On April 2, 2021, after the season ended, Luther announced that he was entering the transfer portal. He ultimately transferred to Gardner–Webb.

===Gardner–Webb===
During the 2021 season, Luther played in and started seven games as the team's primary kickoff return man. He finished the season with 23 caught passes for 384 yards and four touchdowns averaging in 16.7 yards per catch and returned seven kickoffs for 179 yards. During the 2022 season, he played in 12 games and started two of them. He finished the season with 55 receptions for 1,035 yards and seven touchdowns.

==Professional career==

Pre-draft measurables
| Height | Weight | Arm length | Hand span | Wingspan | 40-yard dash | 10-yard split | 20-yard split | 20-yard shuttle | Three-cone drill | Vertical jump | Broad jump | Bench press |
| 5 ft 11+1⁄4 in (1.81 m) | 189 lb (86 kg) | 30+7⁄8 in (0.78 m) | 9+3⁄8 in (0.24 m) | 6 ft 3+3⁄8 in (1.91 m) | 4.50 s | 1.63 s | 2.53 s | 4.40 s | 7.39 s | 39.0 in (0.99 m) | 10 ft 7 in (3.23 m) | 14 reps |
All values from Pro Day

===New York Jets===
On April 29, 2023, Luther signed with the New York Jets as an undrafted free agent after going unselected in the 2023 NFL draft. Luther was released on August 29.

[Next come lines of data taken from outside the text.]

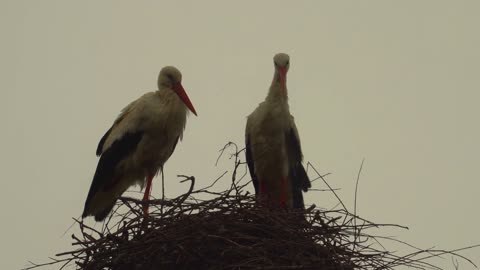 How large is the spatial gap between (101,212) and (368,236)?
197 centimetres

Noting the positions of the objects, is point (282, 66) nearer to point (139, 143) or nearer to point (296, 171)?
point (296, 171)

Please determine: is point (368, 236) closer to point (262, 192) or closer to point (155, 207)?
point (155, 207)

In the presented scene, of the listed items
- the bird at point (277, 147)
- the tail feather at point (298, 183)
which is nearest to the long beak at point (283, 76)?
the bird at point (277, 147)

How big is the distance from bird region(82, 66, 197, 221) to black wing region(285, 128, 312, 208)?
0.63 metres

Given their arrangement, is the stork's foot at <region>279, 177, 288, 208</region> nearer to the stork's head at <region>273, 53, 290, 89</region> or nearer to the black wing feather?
the stork's head at <region>273, 53, 290, 89</region>

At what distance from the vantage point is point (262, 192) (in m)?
5.30

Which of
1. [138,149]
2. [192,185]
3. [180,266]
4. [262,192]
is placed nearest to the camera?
[180,266]

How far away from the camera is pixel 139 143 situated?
16.3ft

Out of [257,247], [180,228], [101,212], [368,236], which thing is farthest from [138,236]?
[101,212]

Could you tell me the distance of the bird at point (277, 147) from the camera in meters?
5.14

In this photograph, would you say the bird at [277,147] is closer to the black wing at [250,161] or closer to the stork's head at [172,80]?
the black wing at [250,161]

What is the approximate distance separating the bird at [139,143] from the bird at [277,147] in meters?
0.42

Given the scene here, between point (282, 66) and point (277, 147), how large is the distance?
0.51m

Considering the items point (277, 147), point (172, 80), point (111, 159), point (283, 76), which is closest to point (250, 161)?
point (277, 147) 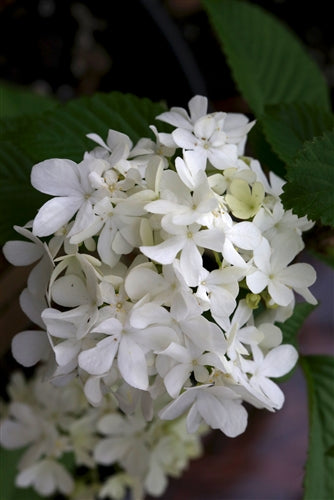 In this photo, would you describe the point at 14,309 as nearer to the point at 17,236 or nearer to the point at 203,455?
the point at 17,236

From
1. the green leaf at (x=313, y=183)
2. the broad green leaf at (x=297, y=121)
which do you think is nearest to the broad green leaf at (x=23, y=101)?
the broad green leaf at (x=297, y=121)

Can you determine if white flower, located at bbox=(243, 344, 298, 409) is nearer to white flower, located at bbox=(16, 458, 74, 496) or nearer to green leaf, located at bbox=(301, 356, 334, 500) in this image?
green leaf, located at bbox=(301, 356, 334, 500)

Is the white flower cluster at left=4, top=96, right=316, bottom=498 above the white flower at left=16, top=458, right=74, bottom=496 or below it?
above

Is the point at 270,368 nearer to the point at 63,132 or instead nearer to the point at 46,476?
the point at 63,132

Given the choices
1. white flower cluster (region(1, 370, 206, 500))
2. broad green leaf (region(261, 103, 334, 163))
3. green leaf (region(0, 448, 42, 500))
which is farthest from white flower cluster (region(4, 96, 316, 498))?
green leaf (region(0, 448, 42, 500))

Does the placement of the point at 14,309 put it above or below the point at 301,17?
below

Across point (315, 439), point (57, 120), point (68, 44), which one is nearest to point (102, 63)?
point (68, 44)

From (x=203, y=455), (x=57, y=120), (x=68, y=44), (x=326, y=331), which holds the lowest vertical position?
(x=203, y=455) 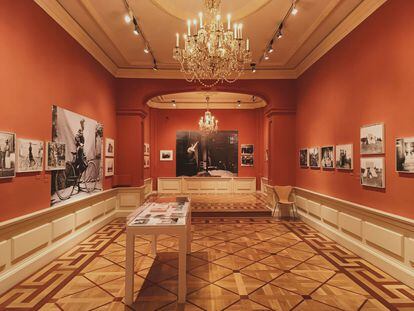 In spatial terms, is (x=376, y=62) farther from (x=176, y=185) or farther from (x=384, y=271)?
(x=176, y=185)

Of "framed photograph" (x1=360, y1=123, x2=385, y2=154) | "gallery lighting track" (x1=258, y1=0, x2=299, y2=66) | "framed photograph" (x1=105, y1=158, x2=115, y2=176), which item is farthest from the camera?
"framed photograph" (x1=105, y1=158, x2=115, y2=176)

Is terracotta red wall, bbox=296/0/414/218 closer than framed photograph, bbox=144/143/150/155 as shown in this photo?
Yes

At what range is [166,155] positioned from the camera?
13289mm

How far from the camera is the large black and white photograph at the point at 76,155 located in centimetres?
479

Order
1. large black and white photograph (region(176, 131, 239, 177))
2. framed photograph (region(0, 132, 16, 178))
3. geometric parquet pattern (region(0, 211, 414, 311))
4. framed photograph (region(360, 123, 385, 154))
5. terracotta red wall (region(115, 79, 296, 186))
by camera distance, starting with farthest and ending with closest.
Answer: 1. large black and white photograph (region(176, 131, 239, 177))
2. terracotta red wall (region(115, 79, 296, 186))
3. framed photograph (region(360, 123, 385, 154))
4. framed photograph (region(0, 132, 16, 178))
5. geometric parquet pattern (region(0, 211, 414, 311))

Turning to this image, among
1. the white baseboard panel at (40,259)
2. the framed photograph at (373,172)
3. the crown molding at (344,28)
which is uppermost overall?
the crown molding at (344,28)

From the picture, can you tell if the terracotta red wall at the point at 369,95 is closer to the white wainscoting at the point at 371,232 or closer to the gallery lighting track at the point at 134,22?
the white wainscoting at the point at 371,232

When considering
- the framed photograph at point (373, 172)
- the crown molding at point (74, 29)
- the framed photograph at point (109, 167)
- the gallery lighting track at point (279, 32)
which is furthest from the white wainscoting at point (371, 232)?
the crown molding at point (74, 29)

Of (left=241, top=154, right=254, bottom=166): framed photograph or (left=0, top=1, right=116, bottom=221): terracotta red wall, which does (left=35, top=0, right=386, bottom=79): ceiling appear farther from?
(left=241, top=154, right=254, bottom=166): framed photograph

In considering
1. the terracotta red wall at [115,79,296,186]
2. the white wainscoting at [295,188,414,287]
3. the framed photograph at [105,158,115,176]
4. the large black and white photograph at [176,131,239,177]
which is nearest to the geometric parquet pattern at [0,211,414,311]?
the white wainscoting at [295,188,414,287]

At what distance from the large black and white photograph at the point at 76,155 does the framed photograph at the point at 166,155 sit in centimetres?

===New England Patriots===
On September 1, 2023, Luther was signed to the New England Patriots practice squad. The Patriots released him on October 18. Luther was re-signed to the Patriots' practice squad on November 7. He signed a reserve/future contract on January 8, 2024, but was released on June 6.

===Pittsburgh Steelers===
On August 14, 2024, Luther signed with the Pittsburgh Steelers. He was waived on August 26.

===Green Bay Packers===
Luther was signed by the Green Bay Packers to their practice squad on September 10, 2024. He was released by Green Bay on October 19.

===Carolina Panthers===
On December 3, 2024, Luther was signed to the Carolina Panthers practice squad. He signed a reserve/future contract with Carolina on January 6, 2025. On August 25, Luther was waived by the Panthers.